メタは、スタートアップ企業ミッドジャーニーのAI画像および動画生成技術のライセンス契約を締結したと発表しました。これは、メタのAI最高責任者であるアレクサンダー・ワン氏が金曜日に「Threads」で発表したものです。ワン氏によれば、メタの研究チームはミッドジャーニーと協力し、同社の技術を将来のAIモデルや製品に取り入れる方針です。
ワン氏は「メタが最高の製品を提供するためには、あらゆるアプローチを取る必要があります。これには、世界クラスの人材、野心的なコンピュート計画、業界のトッププレイヤーとの協力が含まれます」と述べました。

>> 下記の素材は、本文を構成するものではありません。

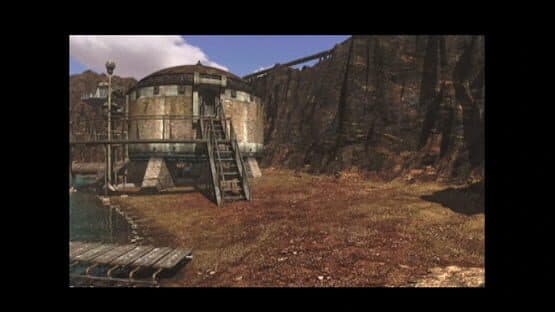 Myst 25th Anniversary Collection — screenshot 1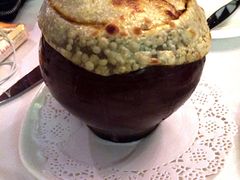 -成桂西餐厅·42年的味道(五大道疙瘩楼店)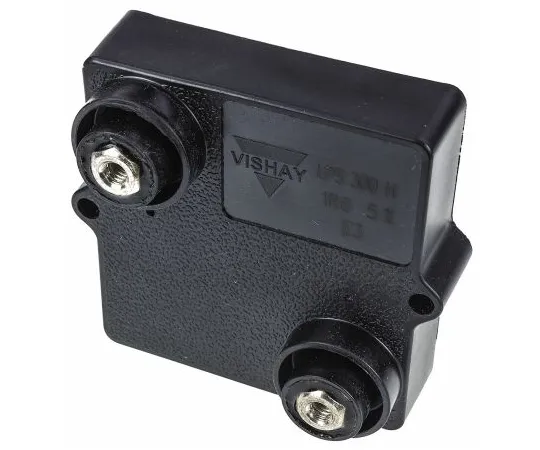 64-0235-49　Vishay LPS800 Series Screw Termination Thick Film Panel Mount Resistor, 10Ω ±5% 800W　LPS0800H10R0JB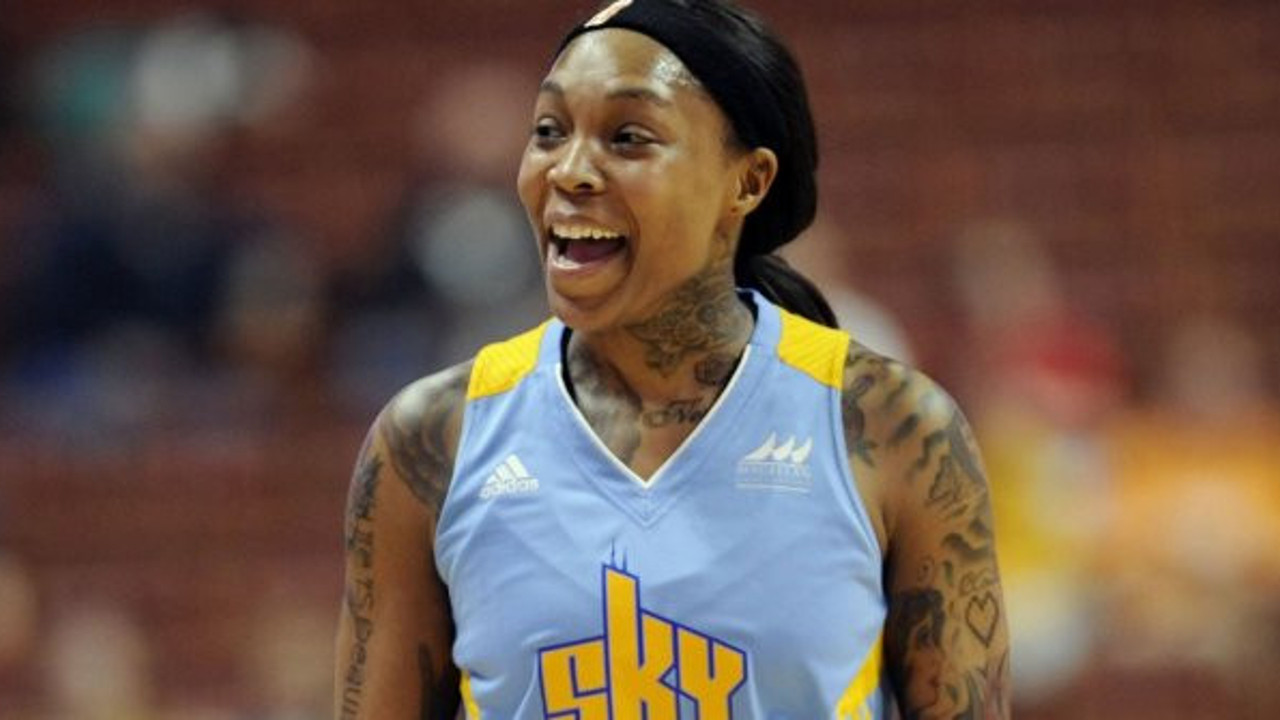 Polis soruşturma başlattı! Kayıp yıldız isim Cappie Pondexter aranıyor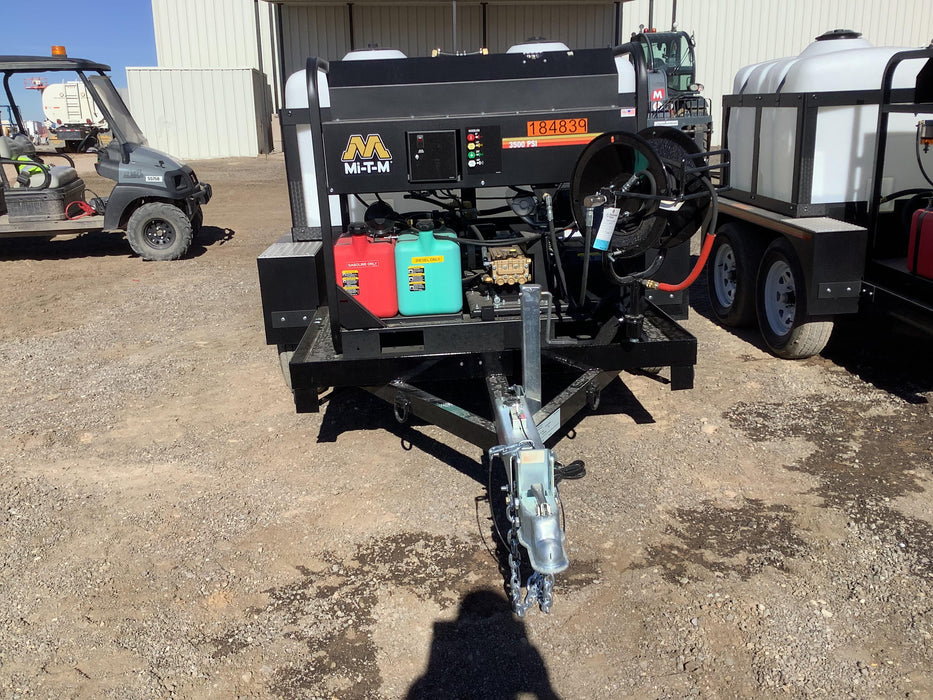 2021 MI-T-M CORPORATION HS-3505-1MGH-UR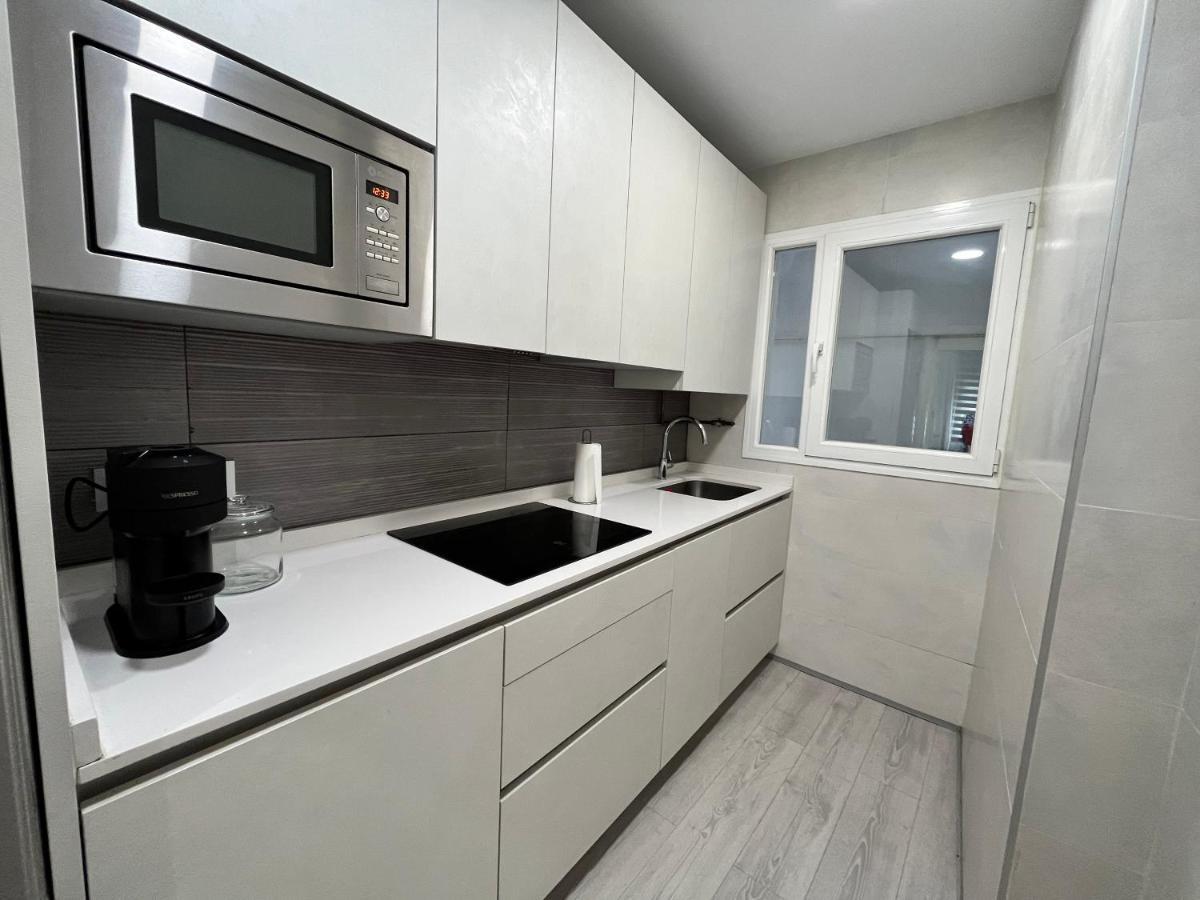 Apartamento En Pleno Centro De Valladolid Exterior foto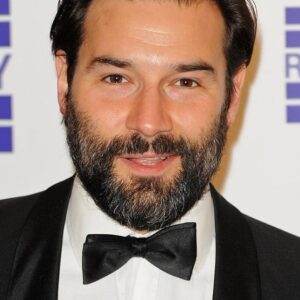 تصویر هنرمند Adam Buxton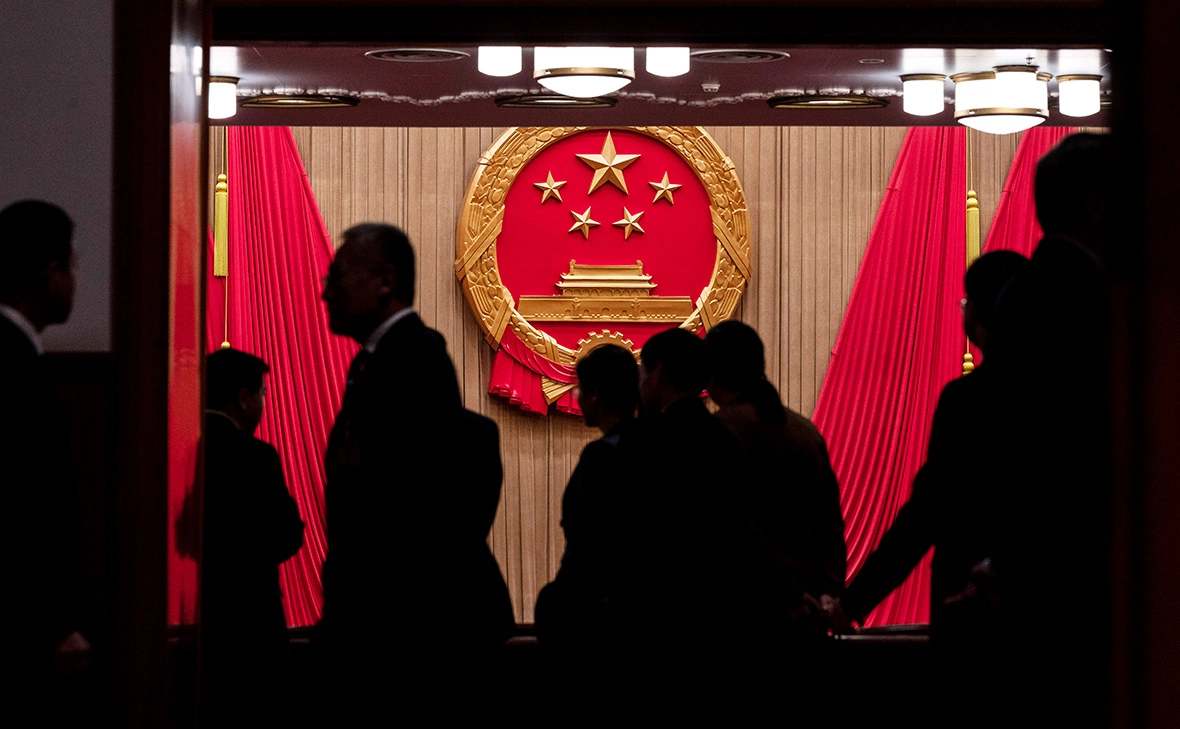 Kevin Frayer / Getty Images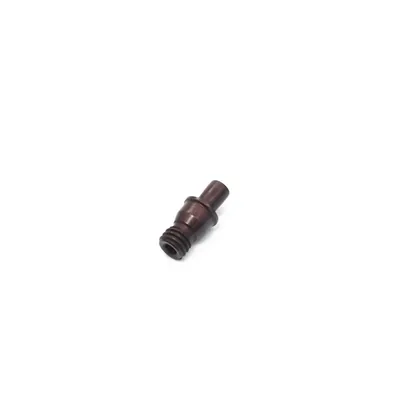 Pino p/calço e inserto wn06, tn16 e vn16 suporte externo/interno mw06, mt16 e mv16 - mct513 dry cut
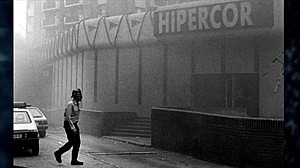 maig:atemptat d'Eta a hipercor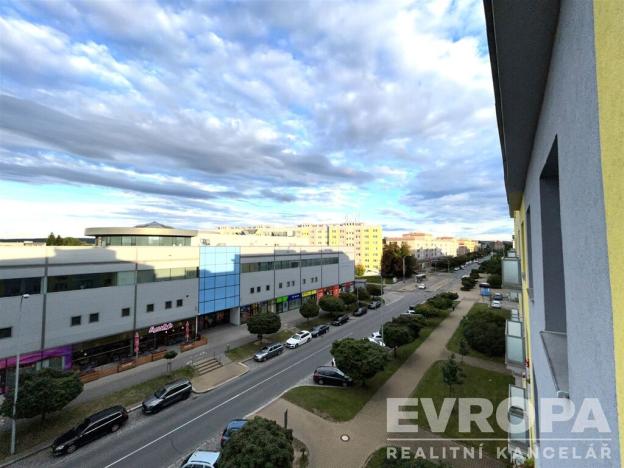 Prodej bytu 1+1, Plzeň - Východní Předměstí, náměstí Generála Píky, 48 m2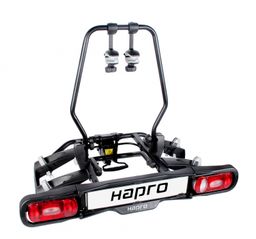 Hapro Atlas Premium 2 fietsendrager - E-bike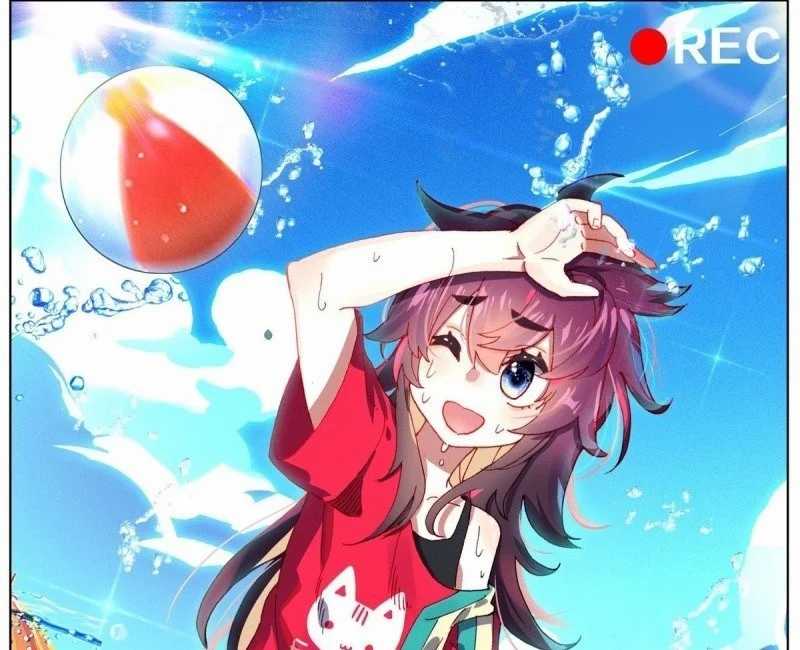 Different Kings Chapter 124 Image 12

ミッドジャーニーとの提携により、メタはOpenAIのSora、Black Forest LabのFlux、GoogleのVeoなど、業界をリードするAI画像・動画モデルと競争する製品を開発することが可能になるということです。昨年、メタは独自のAI画像生成ツール「Imagine」をFacebook、Instagram、Messengerなどの複数の製品に導入しました。また、AI動画生成ツール「Movie Gen」も提供しており、ユーザーはプロンプトから動画を作成できます。
ミッドジャーニーとのライセンス契約は、AI競争で先行するためのメタの最新の取り組みです。今年初め、CEOのマーク・ザッカーバーグ氏はAI人材の採用を積極的に行い、研究者には1億ドル(約1550億円)を超える報酬パッケージを提供しました。メタはまた、Scale AIに140億ドル(約2兆1700億円)を投資し、AI音声スタートアップのPlay AIを買収しました。
メタは他の主要AIラボとも買収について話し合っており、ザッカーバーグ氏はOpenAIの970億ドル(約15兆3500億円)買収提案に参加するかについてイーロン・マスク氏とも話したとされています(最終的にメタは提案に参加せず、OpenAIはマスク氏の提案を拒否しました)。
ミッドジャーニーとの契約条件は不明ですが、スタートアップのCEOであるデビッド・ホルツ氏はXで「我々の会社は独立しており、投資家はいない」と述べています。ミッドジャーニーは外部資金を受けたことがない数少ないAIモデル開発者の一つです。Upstarts Mediaによれば、かつてメタはミッドジャーニーの買収を検討していたとされています。
ミッドジャーニーは2022年に設立され、リアルで独特なスタイルでAI画像生成分野のリーダーとなりました。2023年には2億ドル(約3100億円)の収益を上げる見込みとされています。スタートアップは月額10ドル(約1550円)からのサブスクリプションを販売しており、より多くのAI画像生成が可能な高価格プランは月額120ドル(約1万8600円)です。6月には初のAI動画モデル「V1」をリリースしました。
メタとミッドジャーニーの提携は、スタートアップがディズニーやユニバーサルから著作権侵害を理由に訴えられたわずか2ヶ月後のことです。メタを含むいくつかのAIモデル開発者は、著作権者から同様の主張を受けていますが、AIの学習データに関する最近の裁判ではテクノロジー企業側が勝訴しています。